What If The ACA Had Been A More Modest Reform?
But if they were truly concerned about covering more Americans, the Democrats had another option. Rather than creating a new entitlement with the ACA’s subsidy program, and taking over the health insurance industry by turning it into a public utility “or something,” Pelosi & Co. could have merely expanded Medicaid more than they did in the ACA.
The former speaker, however, speaks of “more people on Medicaid or something.” Is there something wrong with Medicaid, Madame Speaker? If so, then why didn’t you throw all the Medicaid enrollees into the individual health insurance market, and put them all on private insurance? Of course, that would have been a mite expensive, but you seem to think Medicaid isn’t much good.
What if the ACA had been a more modest reform? What if the Democrats hadn’t created the subsidy program, and had instead repealed McCarran to foster some real competition in the private insurance market? What if Democrats had put the truly desperate with “pre-existing conditions” into Medicaid?
We certainly wouldn’t be in the fix we’re in today, as most of the ACA’s problems have to do with the exchanges, the “Non-Group” market, with its infernal subsidy program. Also, these simple reforms could have gone into effect years earlier. Such a reform would also have gotten some GOP buy-in. Indeed, I’d imagine there would have been overwhelming GOP support for it. Such a simple reform would have gone far to make the private sector insurance market truly private.
But no, the Dems wanted a takeover, and that they got. Besides the health insurance industry, what else in the private sector do Democrats want to take over?
Republicans Aren’t Offering A Good Alternative
The solution to the problem of healthcare back in 2009 was the two minor tweaks just described. Creating more competition in the Non-Group market, and segregating out the sickest poor people would have done wonders to counter the escalating prices we had seen. But instead, the Dems didn’t touch McCarran and put the sickest Americans into the smallest cohort, the Non-Group market, which at the time comprised but 4 percent of the population.

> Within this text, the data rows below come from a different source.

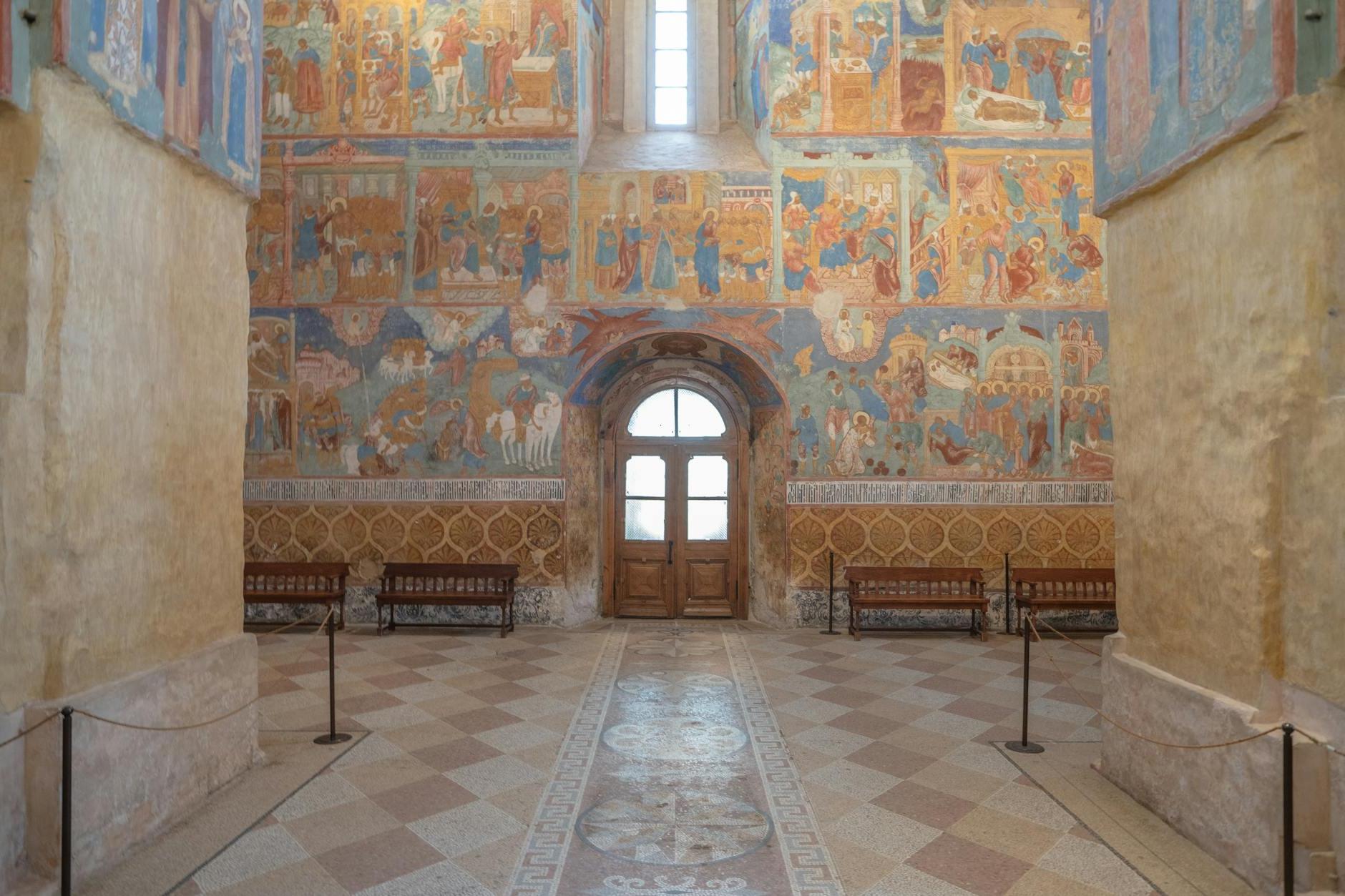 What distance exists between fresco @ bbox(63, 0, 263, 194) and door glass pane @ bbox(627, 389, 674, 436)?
22.3 feet

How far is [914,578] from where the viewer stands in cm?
1015

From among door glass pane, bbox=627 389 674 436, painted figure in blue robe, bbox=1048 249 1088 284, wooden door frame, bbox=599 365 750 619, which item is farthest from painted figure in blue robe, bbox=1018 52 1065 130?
door glass pane, bbox=627 389 674 436

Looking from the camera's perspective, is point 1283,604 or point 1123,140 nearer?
point 1283,604

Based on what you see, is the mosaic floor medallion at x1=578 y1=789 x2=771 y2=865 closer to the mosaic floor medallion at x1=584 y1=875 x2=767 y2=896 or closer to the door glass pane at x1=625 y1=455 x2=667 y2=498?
the mosaic floor medallion at x1=584 y1=875 x2=767 y2=896

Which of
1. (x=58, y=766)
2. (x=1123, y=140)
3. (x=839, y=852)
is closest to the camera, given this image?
(x=58, y=766)

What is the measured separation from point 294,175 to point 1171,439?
10.7 m

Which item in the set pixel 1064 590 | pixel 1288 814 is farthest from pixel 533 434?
pixel 1288 814

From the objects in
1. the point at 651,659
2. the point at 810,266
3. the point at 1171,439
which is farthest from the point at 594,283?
the point at 1171,439

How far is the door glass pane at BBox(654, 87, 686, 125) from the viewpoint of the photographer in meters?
12.3

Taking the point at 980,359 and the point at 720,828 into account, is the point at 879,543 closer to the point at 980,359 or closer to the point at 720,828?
the point at 980,359

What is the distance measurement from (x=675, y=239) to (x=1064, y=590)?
699 centimetres

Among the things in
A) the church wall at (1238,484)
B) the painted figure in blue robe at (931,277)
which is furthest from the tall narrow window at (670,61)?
the church wall at (1238,484)

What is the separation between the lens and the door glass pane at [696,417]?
11828mm

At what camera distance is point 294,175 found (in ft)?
35.0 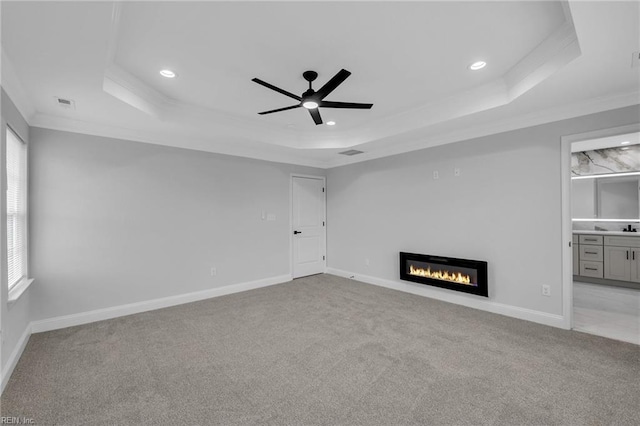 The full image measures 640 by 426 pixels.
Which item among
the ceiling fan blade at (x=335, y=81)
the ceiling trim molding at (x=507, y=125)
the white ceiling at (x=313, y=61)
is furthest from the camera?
the ceiling trim molding at (x=507, y=125)

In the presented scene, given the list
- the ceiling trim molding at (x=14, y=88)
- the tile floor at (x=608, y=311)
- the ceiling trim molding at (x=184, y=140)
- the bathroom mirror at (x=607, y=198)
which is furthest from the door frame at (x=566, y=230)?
the ceiling trim molding at (x=14, y=88)

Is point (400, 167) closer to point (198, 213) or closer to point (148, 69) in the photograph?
point (198, 213)

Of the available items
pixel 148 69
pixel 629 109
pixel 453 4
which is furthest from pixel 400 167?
pixel 148 69

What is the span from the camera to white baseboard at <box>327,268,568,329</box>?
326 centimetres

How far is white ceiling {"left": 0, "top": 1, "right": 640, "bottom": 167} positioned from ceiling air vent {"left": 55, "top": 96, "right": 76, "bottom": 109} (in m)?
0.06

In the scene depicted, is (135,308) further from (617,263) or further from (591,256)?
(617,263)

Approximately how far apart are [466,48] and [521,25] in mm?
391

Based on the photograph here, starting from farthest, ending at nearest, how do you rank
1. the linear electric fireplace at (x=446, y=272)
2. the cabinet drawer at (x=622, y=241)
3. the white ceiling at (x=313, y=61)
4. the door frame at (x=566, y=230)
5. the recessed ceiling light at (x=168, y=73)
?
the cabinet drawer at (x=622, y=241)
the linear electric fireplace at (x=446, y=272)
the door frame at (x=566, y=230)
the recessed ceiling light at (x=168, y=73)
the white ceiling at (x=313, y=61)

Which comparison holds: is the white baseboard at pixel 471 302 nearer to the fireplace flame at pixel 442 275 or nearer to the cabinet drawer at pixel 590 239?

Republicans have a unique opportunity to actually rollback a federal entitlement. That’s because the entitlement is new, isn’t working, and isn’t affordable. And it’s also because the entitlement is a fascistic intervention into the private sector. But what do we hear from GOP congressmen but a desire to prop it up; they actually want to retain the subsidy program, the worst part of the ACA. The lack of grit and guts that we’re seeing from Republicans in Congress is very disappointing.
We’re still in this mess because of government: the tortured reading of the ACA’s individual mandate by the Supreme Court. America may well stay in this mess because of government: the Senate’s refusal to do what’s necessary by ending its filibuster rule for legislation. Were the Senate to end the legislative filibuster, they should repeal the ACA in its entirety, repeal the relevant parts of McCarran-Ferguson, and put needy patients with pre-existing conditions into Medicaid.
Of course, much else needs to be done to fix our healthcare system, like tort reform and ferreting out fraud and ending pointless regulations. But the repeal bill just outlined might be the most that Americans can hope for in 2017.